The House Finance Committee on April 13 unanimously forwarded Senate Bill 26‑144 to the Committee of the Whole, with a 10–0 roll‑call vote and one member excused. Sponsors described the measure as a technical but necessary update to Colorado's tax‑lien and treasurer's‑deed statutes in light of the U.S. Supreme Court's decision in Tyler v. Hennepin.
"The court held that the government can collect what it is owed, but it cannot take more than that debt," Representative Camacho told the committee, summarizing Tyler's holding and explaining that the bill builds statutory safeguards—public auctions to establish fair market value, uniform contestable procedures, and strengthened notice and due‑process protections—so owners' surplus equity is returned rather than kept by the government.
Treasurers and county officials testified in support. Holly Ryan, chief deputy public trustee for Douglas County, said the bill generally implements needed changes but identified a drafting conflict: language on page 41 (lines 23–26) appears to exempt treasurers, their staff and immediate family from restrictions that otherwise bar county officials from bidding at tax‑lien sales. "We have a complete problem with this because 11.5 ... says a treasurer acting in their individual capacity must not bid at a public auction held under 11.5," Ryan testified, and she urged the committee to strike or relocate the paragraph.
Larimer County Treasurer Irene Josie said the bill does not increase fees but moves fee authority into the treasurer statute so treasurer and public trustee fee schedules are aligned, and she expressed support for the bill's clarity and county‑friendly fixes. Representatives of the Colorado County Treasurers and Public Trustees Association also urged approval, calling the bill the product of broad stakeholder work and fine‑tuning after last year's emergency changes.

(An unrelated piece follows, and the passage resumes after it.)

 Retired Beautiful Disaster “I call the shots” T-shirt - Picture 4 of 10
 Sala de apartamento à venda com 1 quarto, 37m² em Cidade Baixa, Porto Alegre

Committee members asked technical questions about whether the measure increases treasurer fees; witnesses said fee amounts remain the same but the statutory home and timing for fee adjustments are being aligned with public trustee practice. Sponsors and witnesses emphasized they will continue to refine drafting to remove the identified conflict.
Representative Camacho moved the bill to the Committee of the Whole with a favorable recommendation; the motion carried by roll call 10–0 with one excused. Supporters said the measure aims to protect property‑owner equity while making county implementation consistent and constitutionally safe.